** Data records follows **

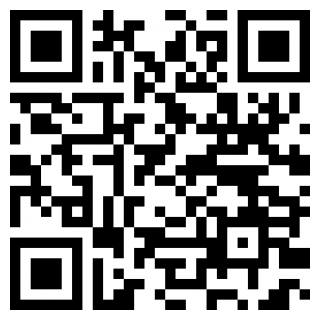 虚拟警官犯罪城2025下载安装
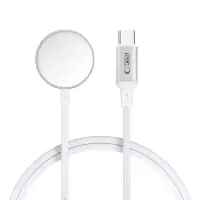 Nabíječky pro Apple Watch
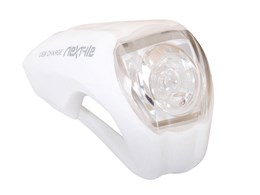 NEXTYLE NT-L USB-F [�z���C�g]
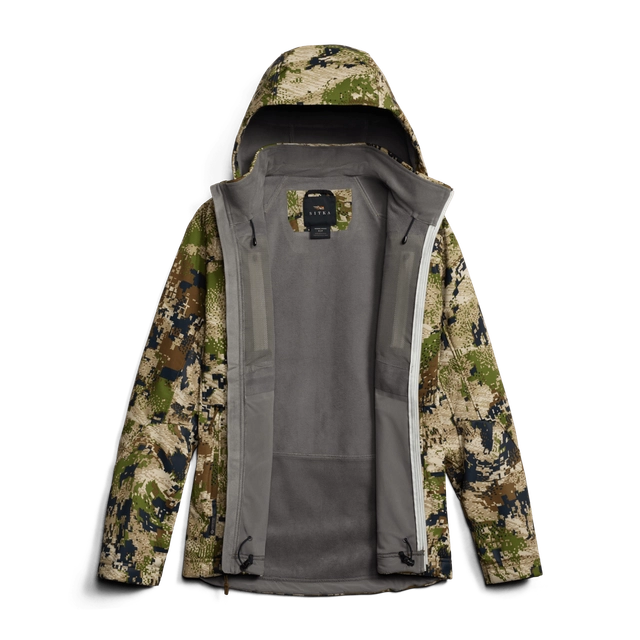 Sitka W's Jetstream Jacket
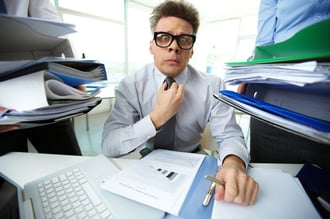 How_to_Find_Quality_Temp_Employees_When_Youre_in_a_Jam.jpg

** End of Data records **

Leave the images out and output the remaining material exactly as it stands.

**The answer**:
 虚拟警官犯罪城2025下载安装
 Nabíječky pro Apple Watch
 NEXTYLE NT-L USB-F [�z���C�g]
 Sitka W's Jetstream Jacket
 How_to_Find_Quality_Temp_Employees_When_Youre_in_a_Jam.jpg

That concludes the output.